System keeps reverting to US keyboard layout

On one of my machines (a laptop) the system starts up with a US keyboard layout whenever I login. My locale looks like:

LANG=en_GB.UTF-8
LC_CTYPE=en_GB.UTF-8
LC_NUMERIC=“en_GB.UTF-8”
LC_TIME=“en_GB.UTF-8”
LC_COLLATE=“en_GB.UTF-8”
LC_MONETARY=“en_GB.UTF-8”
LC_MESSAGES=“en_GB.UTF-8”
LC_PAPER=“en_GB.UTF-8”
LC_NAME=“en_GB.UTF-8”
LC_ADDRESS=“en_GB.UTF-8”
LC_TELEPHONE=“en_GB.UTF-8”
LC_MEASUREMENT=“en_GB.UTF-8”
LC_IDENTIFICATION=“en_GB.UTF-8”
LC_ALL=

If I go to System Settings -> Input Devices -> Keyboard -> Layouts, where I have added gb English(UK), and uncheck Configure layouts and then re-check it the system adopts the UK keyboard layout, but only for the current session.
I have not been able to find where the global settings are kept (most postings on the internet refer to /etc/default/locale which openSuSE doesn’t use).
I’d be grateful if someone could tell me how I can get the UK keyboard layout to stick.

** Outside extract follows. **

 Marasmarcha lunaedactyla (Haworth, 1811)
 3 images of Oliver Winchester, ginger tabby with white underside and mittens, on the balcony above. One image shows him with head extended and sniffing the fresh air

system keyboard is in Yast keyboard. You can set for each user in the desktop settings

Yast has the system keyboard set to “English (UK)”. I don’t know where Yast is storing this, though, given that openSuSE seems not to put it where the other distros have the default locale settings.

The desktop settings don’t stick as I explained in my original post; I can only get them right for a given session.

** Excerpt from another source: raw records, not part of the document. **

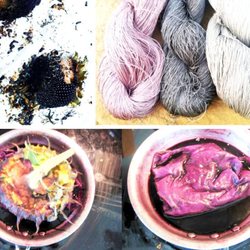 Чёрные Подсолнухи Племени Хопи - Hopi Black Dye Sunflower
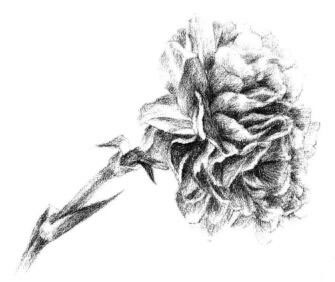 康乃馨素描畫法步驟05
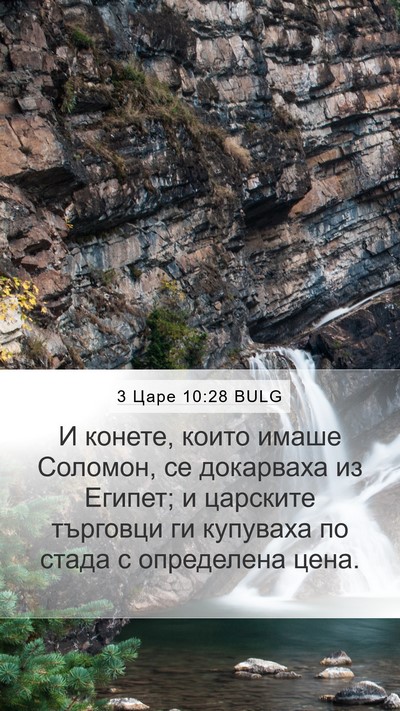 3 Царе 10:28 BULG Bible Verse Image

This might be related to another problem on this machine, namely that X often doesn’t start when the machine boots so that I don’t get the graphical login screen. When I then login (as a user) at the command line so that I can start X I get the error message:

-bash: warning: setlocale: LC_CTYPE: cannot change locale (en_GB.UTF-8,LANG=en_GB.UTF-8): No such file or directory

Needless to say, I don’t know what file or directory is missing.